Homélie 12 décembre 2021, par l’abbé Gaël de Breuvand
I – Qu’en est-il de cette parole de Dieu qui semble inefficace ?
« Pousse des cris de joie, fille de Sion ! ». C’était Sophonie : il annonce le Messie. Et ce Messie qui vient apportera un règne de paix, Il remettra les choses dans l’ordre, et nous pourrons vraiment être dans la joie. « Pousse des cris de joie ! », même à l’avance, car le Seigneur vient. Mais notre problème à nous, c’est que le Seigneur est venu, et que l’on n’a pas l’impression que ça aille mieux… Aussi bien dans notre monde généralement : des catastrophes, il y en a toujours, des états tyranniques et des violences, il y en a toujours ; un petit plus près de nous, dans nos associations, dans nos communes, dans nos familles, et même au milieu de nous, dans notre cœur, nous sommes divisés. Comment faire pour pousser des cris de joie ? Et pourtant, saint Paul, après la naissance de Jésus, alors qu’on ne peut pas dire que tout aille bien à l’époque de saint Paul, il le dit lui-même, « soyez toujours dans la joie du Seigneur, je le redis : soyez dans la joie ».

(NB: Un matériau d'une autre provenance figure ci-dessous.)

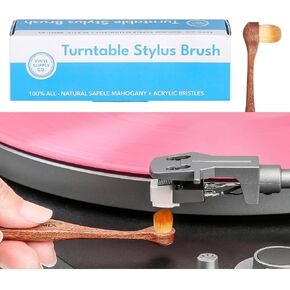 Vinyl Supply Co. Vinyl Record G.O.A.T. Brush- 100% All-Natural Sapele Mahogany Wood + Goat Hair Bristles - Anti-Static Brush for Wet and Dry Record Cleaning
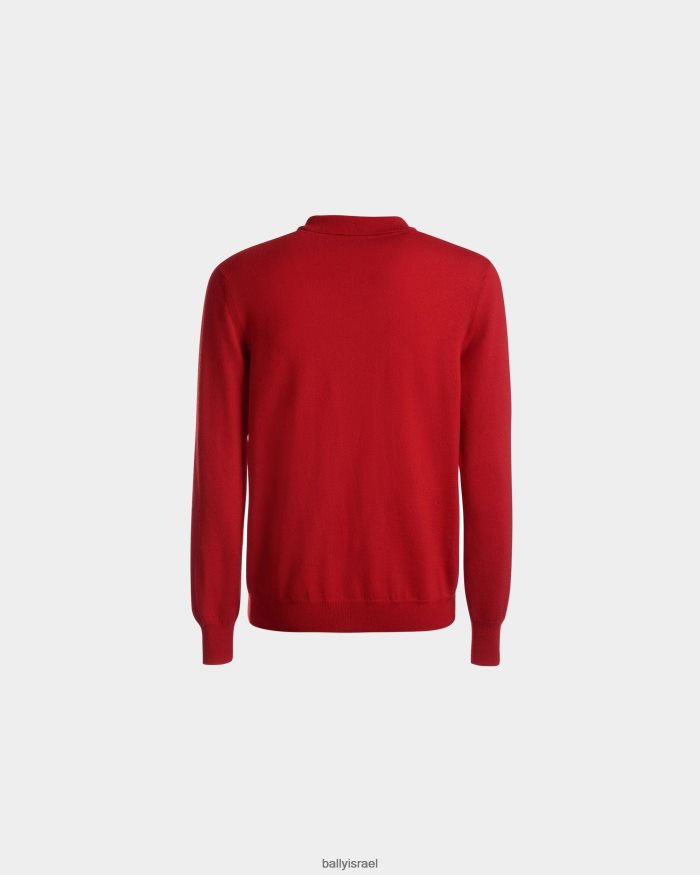 אָדוֹם Bally פולו עם שרוול ארוך גברים הַלבָּשָׁה AS12D786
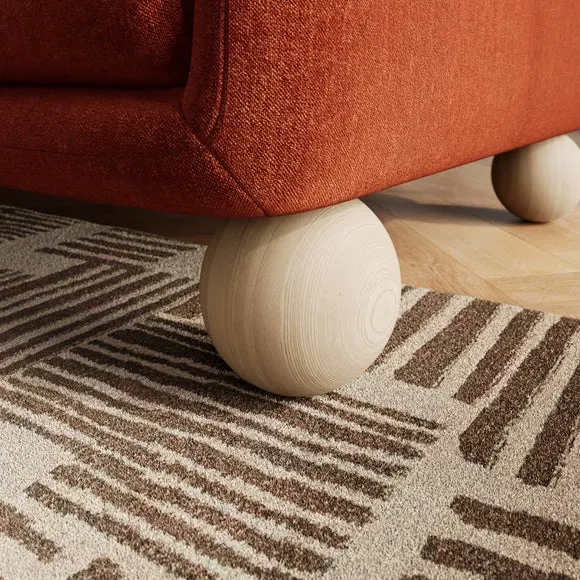 Armitage Chenille 3 Seater Sofa with Ball Feet 5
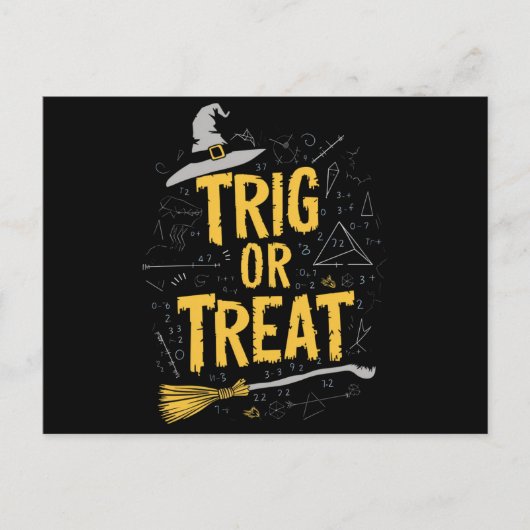 Halloween Wiskunde leraar Trig of Treat School Briefkaart (Voorkant)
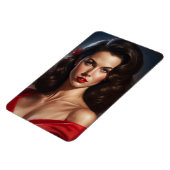 Button-Up-Frau in rotem Kleid. Magnet (Linke Seite)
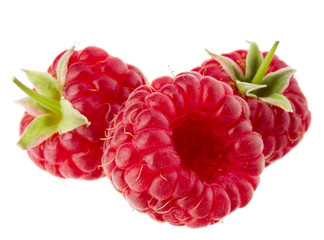 ripe raspberries isolated on white background close up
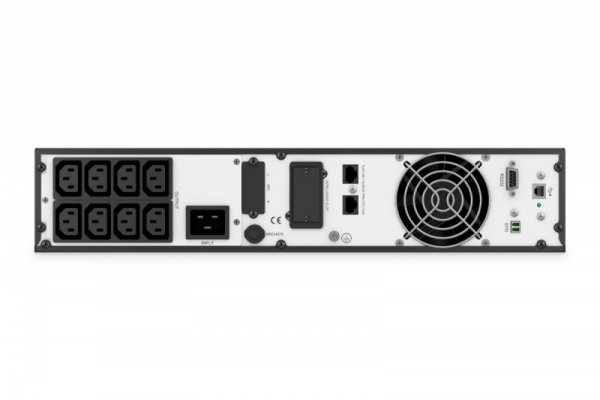 Zasilacz awaryjny UPS Online Rack 19&quot; LCD, 2000VA/2000W, 4x12V/9Ah, 8xC13, USB, RS232, RJ45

Alors, cela nous semble être quelque chose de trop grand, de trop fort, d’intenable. Et comme conclusion de son texte, saint Paul nous dit : « la paix de Dieu, qui dépasse tout ce qu’on peut concevoir, gardera vos cœurs et vos pensées dans le Christ Jésus ». La paix de Dieu. Là encore, on ne la voit pas beaucoup, donc on a encore un constat d’échec : cet appel du prophète, cet appel de saint Paul, à être dans la joie, cela ne marche pas… Être dans la paix ? On n’y arrive pas. Alors, comment faut-il comprendre cela ? Car ces paroles de Dieu – et si c’est une parole de Dieu, c’est une parole qui est bonne pour nous – c’est une parole qui est vraie, qui est une bonne nouvelle à laquelle nous sommes invités à nous conformer. Alors, que dire ?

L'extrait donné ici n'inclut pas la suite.